Though the entries contain pictures, the copy you make should hold only the rest, exactly as written.

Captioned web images
□ □ □ □

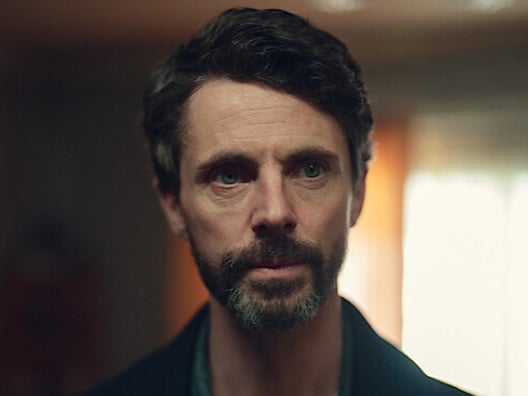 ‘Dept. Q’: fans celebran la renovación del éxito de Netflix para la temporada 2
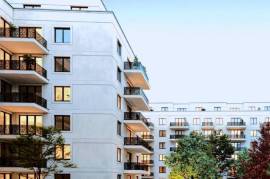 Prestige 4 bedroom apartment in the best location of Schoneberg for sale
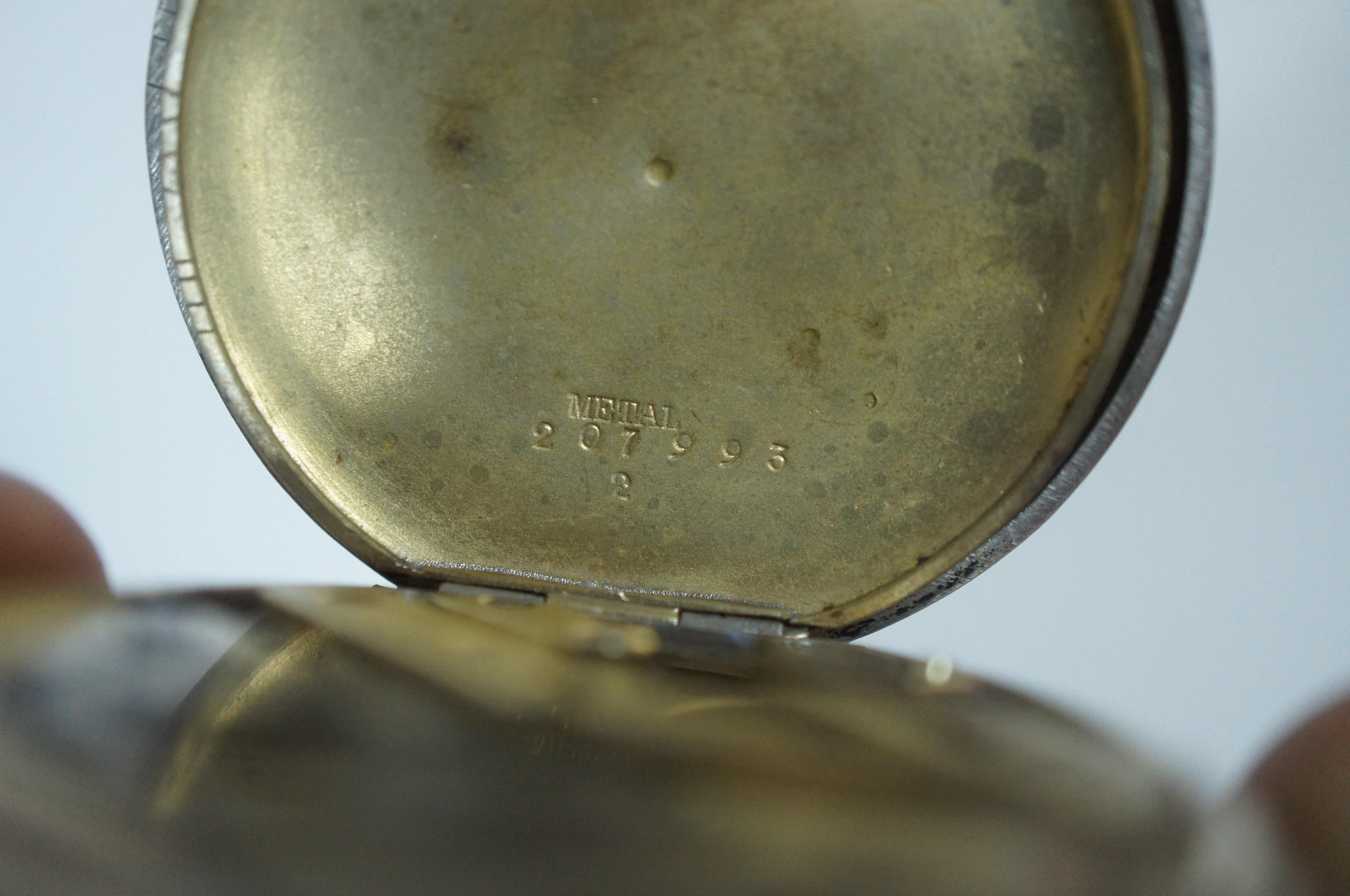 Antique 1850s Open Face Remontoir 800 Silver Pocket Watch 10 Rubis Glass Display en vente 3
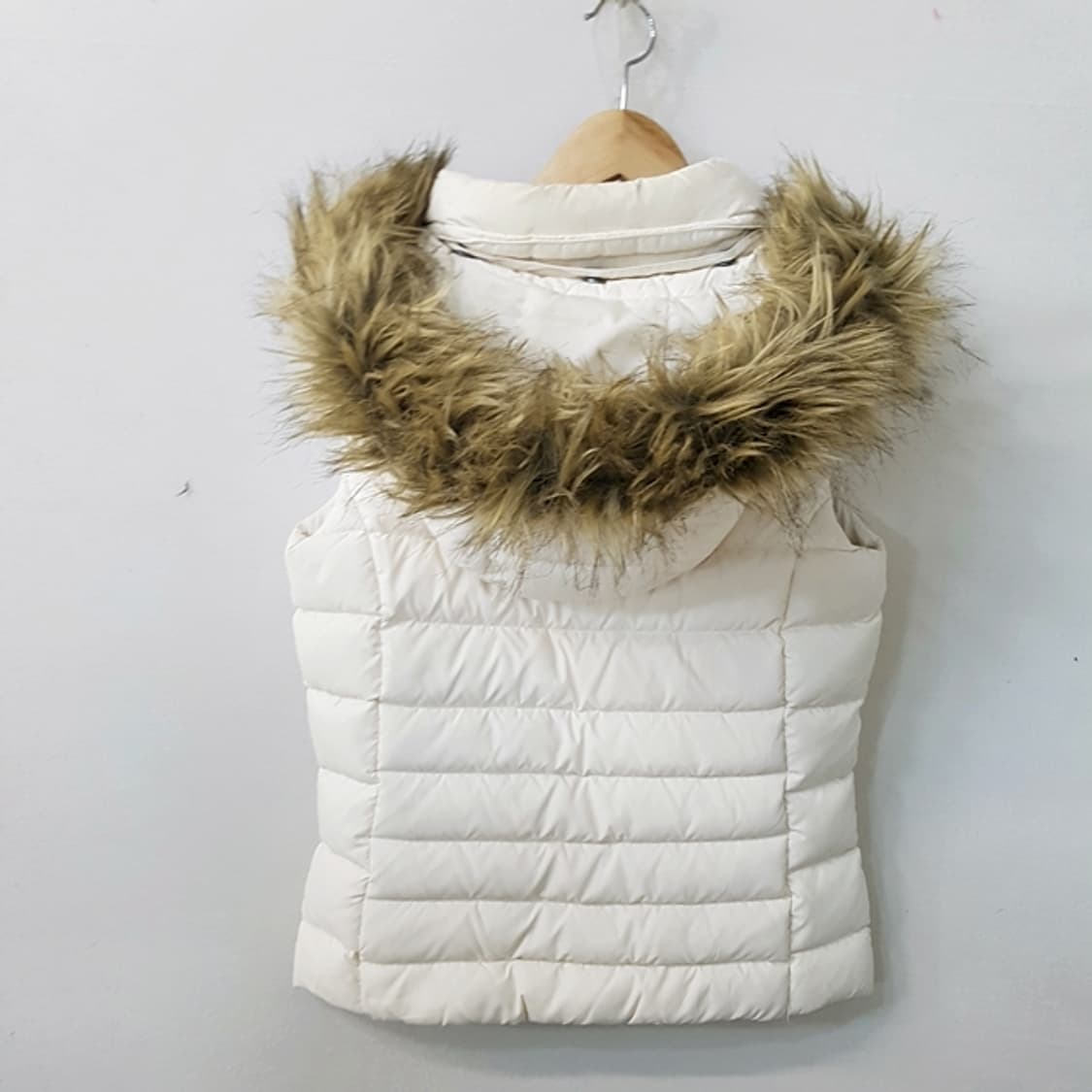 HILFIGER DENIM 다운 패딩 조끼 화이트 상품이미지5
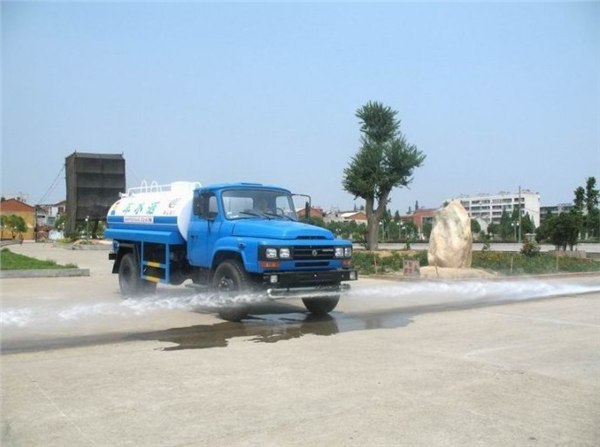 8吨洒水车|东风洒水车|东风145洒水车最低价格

□ □ □ □

▶ [SOLUTION TO THIS EXERCISE]
 ‘Dept. Q’: fans celebran la renovación del éxito de Netflix para la temporada 2
 Prestige 4 bedroom apartment in the best location of Schoneberg for sale
 Antique 1850s Open Face Remontoir 800 Silver Pocket Watch 10 Rubis Glass Display en vente 3
 HILFIGER DENIM 다운 패딩 조끼 화이트 상품이미지5
 8吨洒水车|东风洒水车|东风145洒水车最低价格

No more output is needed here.